Le culte de Notre-Dame des Douleurs

Le culte de Notre-Dame des Douleurs

Notre-Dame des Douleurs est un des appellatifs attribués à Marie, mère de Jésus. Voici comment est née la dévotion séculaire à la Mater Dolorosa.

Une femme belle et triste, habillée en noire et violet, les couleurs du deuil. Le visage tourné vers le ciel, souvent baigné de larmes, et, dans les yeux, une angoisse qui n’a pas de voix, ni de mots. Ainsi apparait Notre-Dame des Douleurs dans la plupart des représentations qui la dépeignent. Et c’est exactement ce dont il s’agit, d’une maman qui a souffert énormément pour amour de son Fils unique, qui a participé à Sa douleur, à Sa Passion, en l’accompagnant jusqu’à la Croix et en versant aux pieds de cette dernière toutes ses larmes.

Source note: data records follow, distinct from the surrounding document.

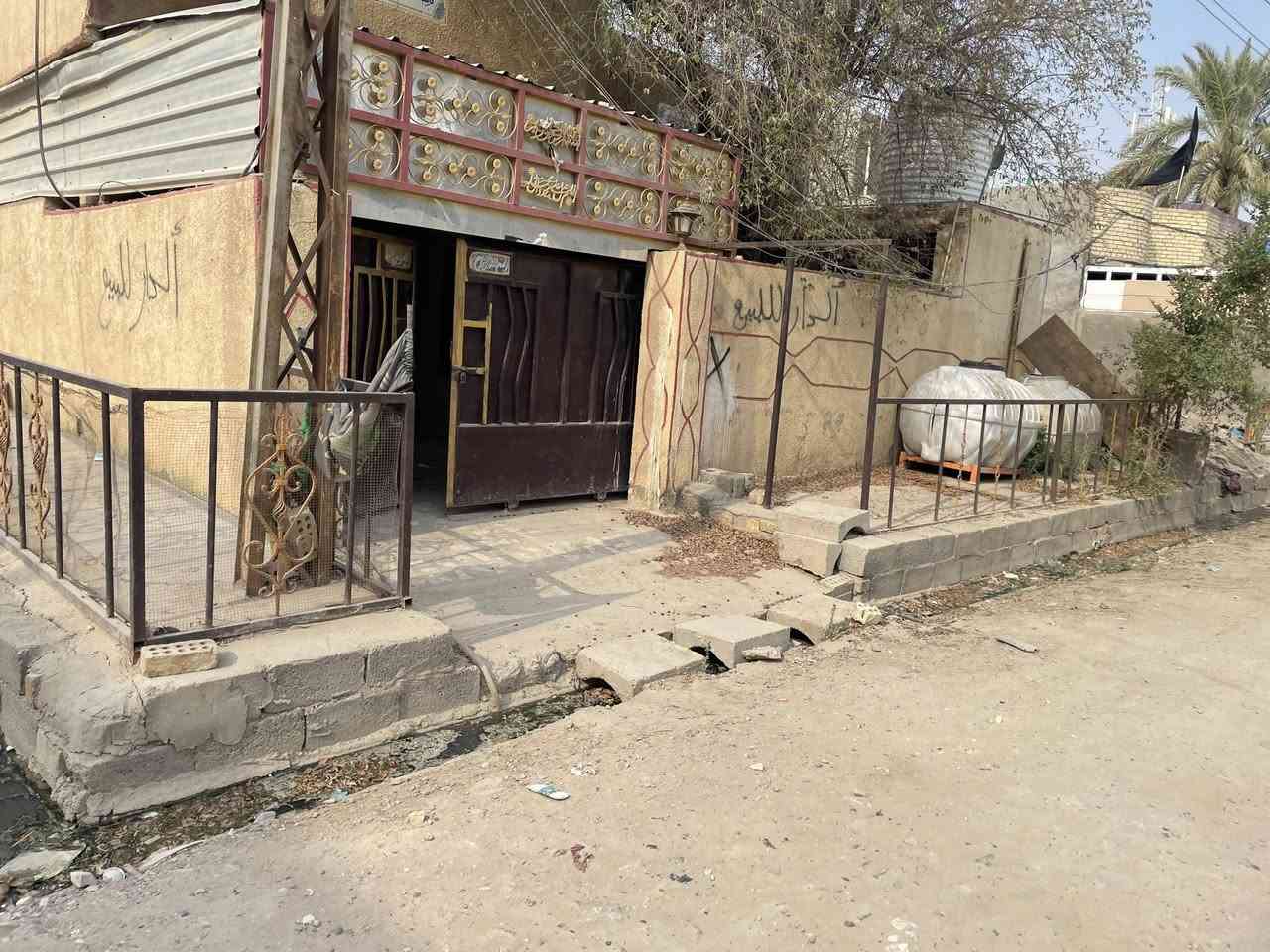 بيت ركن امام سوق الشمري طابق ونص مستعجل ع بيعته 
يتكون من كراج كبير وحديقه وصحيات ثنين بلكراج وستقبال ٨ متر وصاله و٣ غرف رابعه مسوينه مطبخ بارد اضافه الى مطبخ حار بلترك حمام جوه وحمام بلطابق ثاني فوك غرفتين السطح شتايكر لبيت يخبل بس عوزه تنضيف 
للاستفسار الاتصال على الرقم *********** بيعه مستعجله كلش
((توضيح السقيفه شايله ))
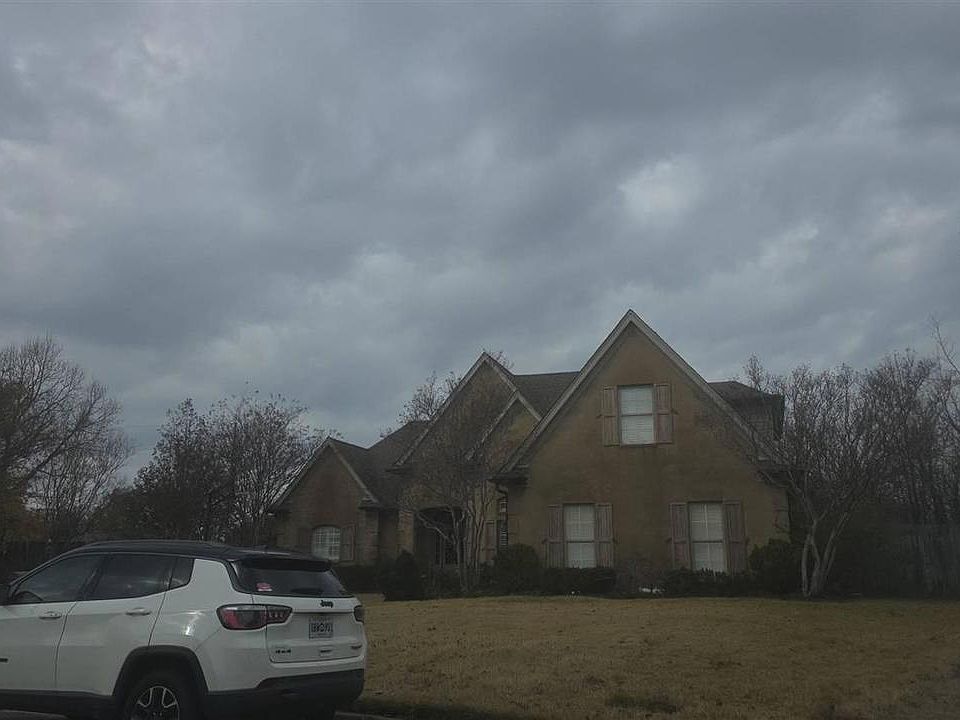 2nd image of 3637 Thorn Tree Ln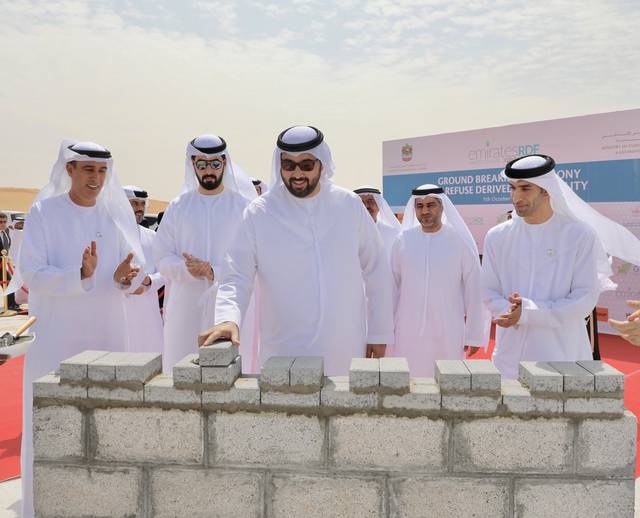 صور.. ولى عهد أم القيوين يدشن محطة لانتاج الوقود البديل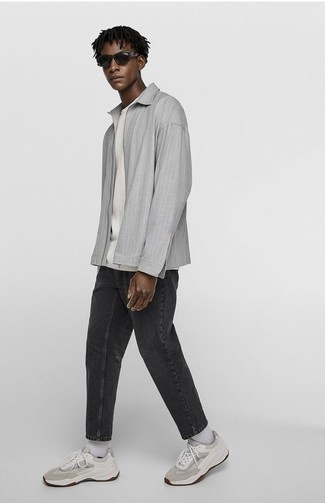 Trend da uomo 2024: Indossa una giacca harrington grigia con jeans grigio scuro per un look semplice, da indossare ogni giorno.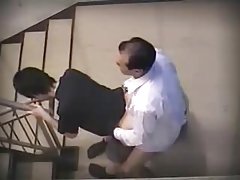 日本花痴好圆的乳房获取他们吸螺柱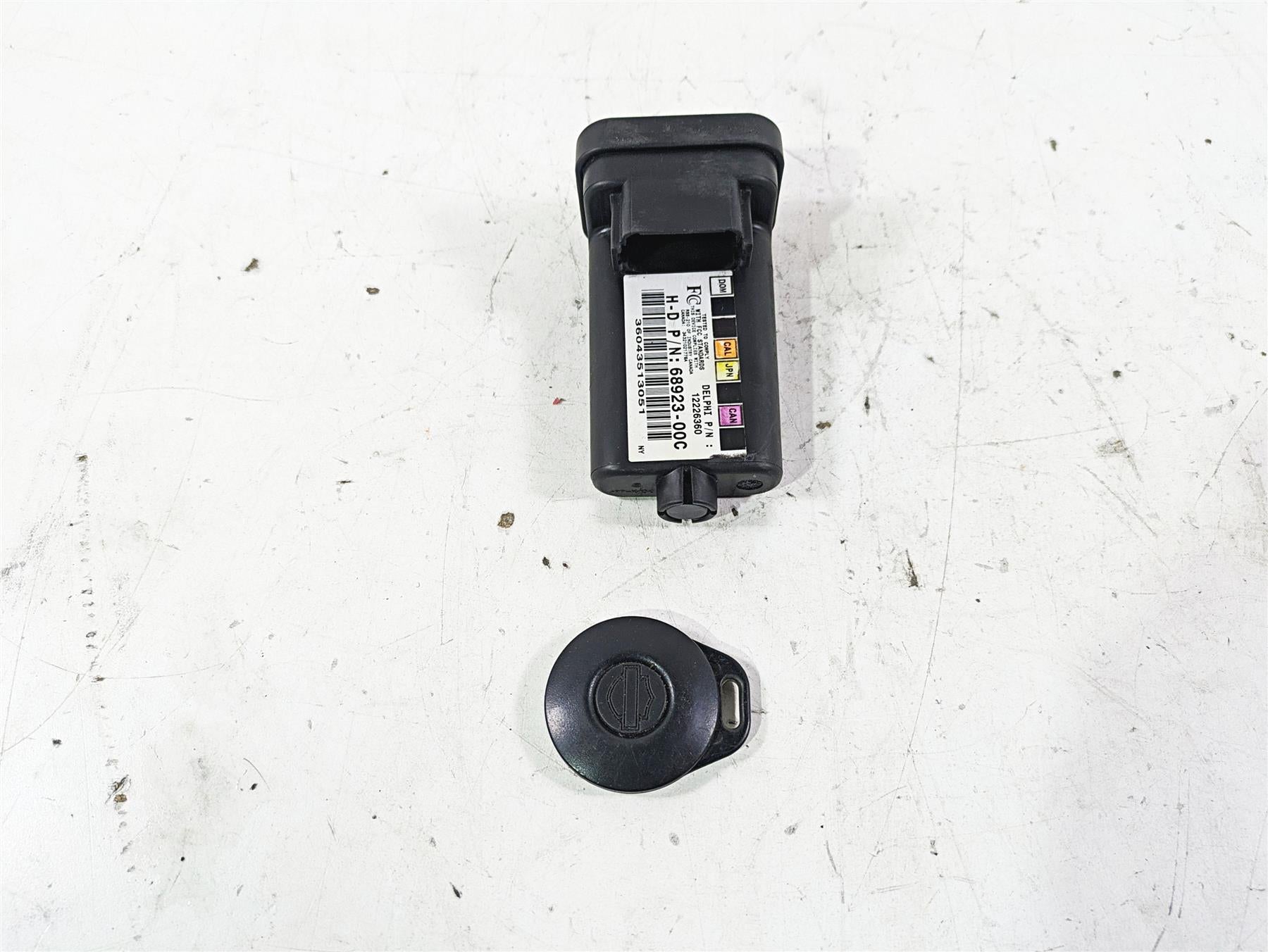 2005 Harley Softail FLSTFSE CVO Fat Boy Tssm Security Module & Fob Set 68923-00C {{ shop.shopifyCountryName }} - Mototech271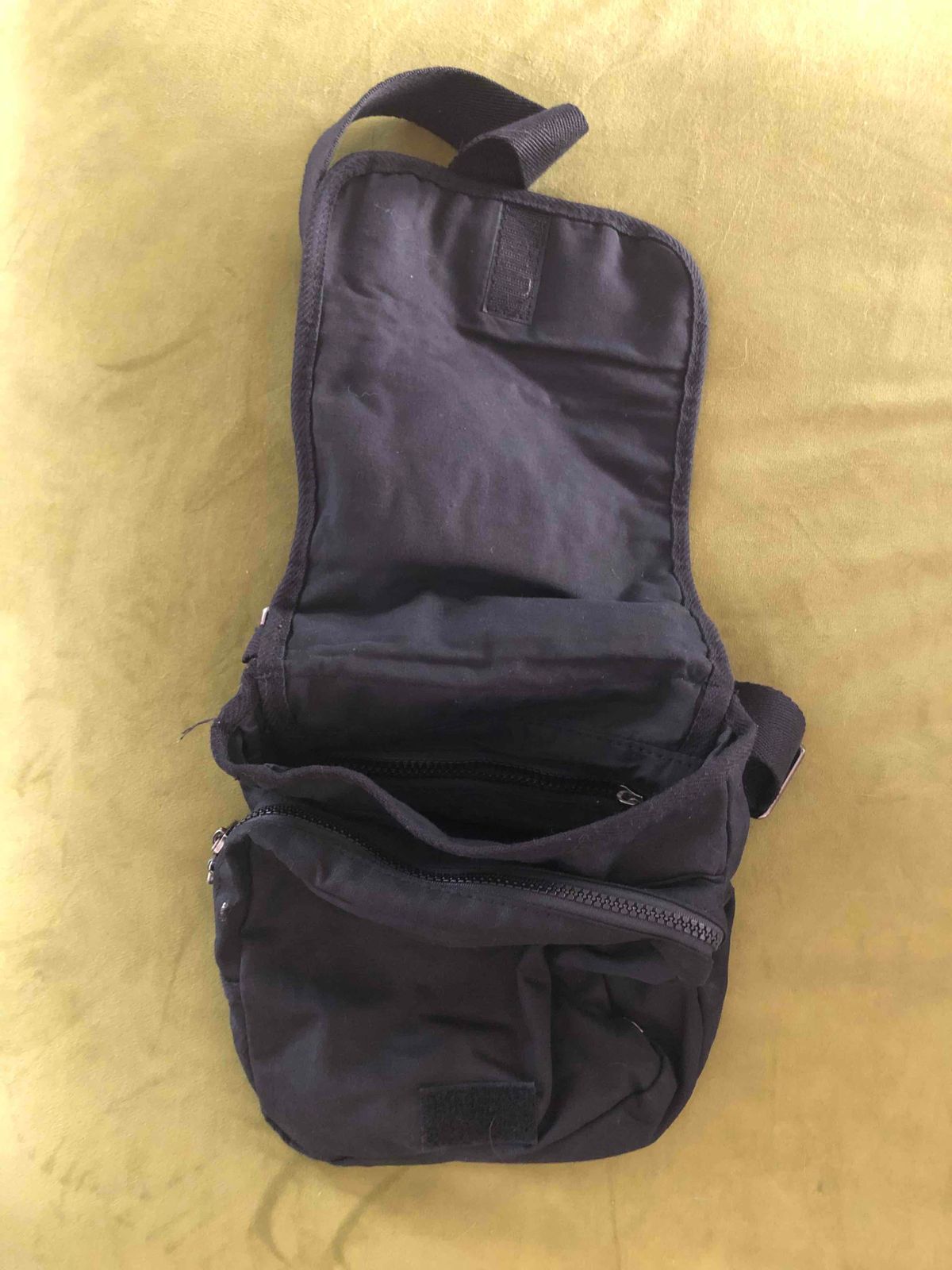 Airwalk sling bag online price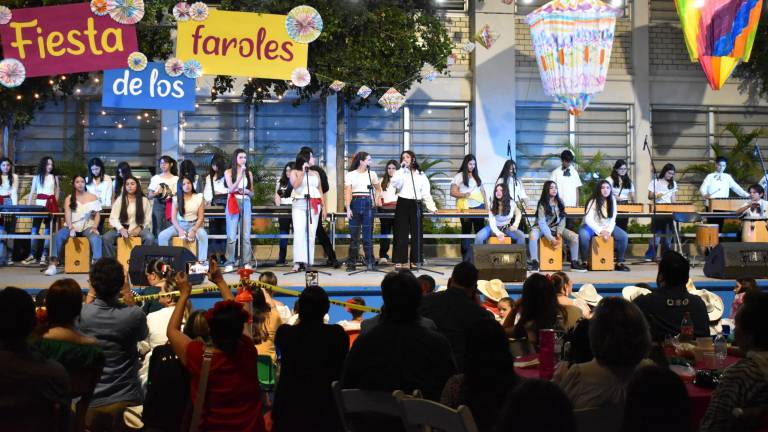 Las familias disfrutan de espectáculos artísticos durante la Fiesta de los Faroles.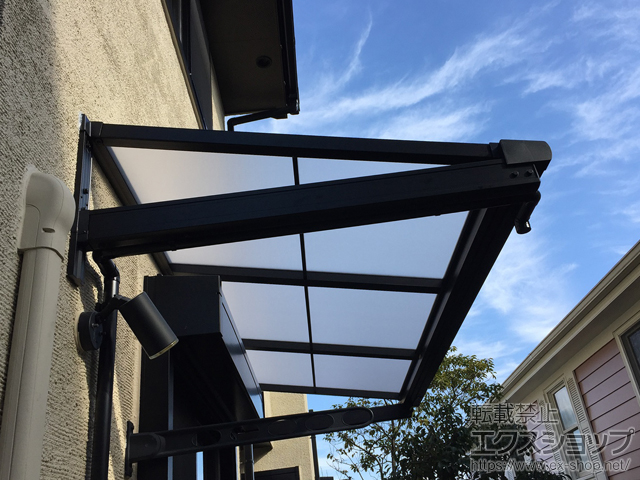 神奈川県横浜市ののバルコニー・ベランダ屋根 スピーネ F型 ルーフタイプ 単体 積雪〜20cm対応 施工例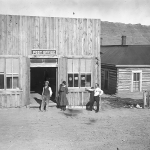Alcova Post Office, 1903. Townspeople hoped tourists would flock to the nearby hot springs.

Mais quand et comment est né le culte de Notre-Dame des Douleurs ?

Les origines du culte

La dévotion à la Vierge des Douleurs est célébrée tous les ans le 15 septembre, le lendemain de la célébration de l’Exaltation de la Croix. Ce fut Pape Pie X (1904-1914) qui a établi cette date, mais le culte de Notre-Dame des Douleurs et de ses Sept Douleurs existait déjà à la fin du XI siècle. Au début, les douleurs n’étaient que 5, comme 5 étaient les joies. Il s’agit de moments de la vie de Marie racontés dans les évangiles, ou transmis dans la dévotion populaire, liés à la Passion et à la mort de Jésus, mais pas seulement. Les douleurs de Marie étaient déjà à l’époque représentées par cinq épées transperçant son cœur.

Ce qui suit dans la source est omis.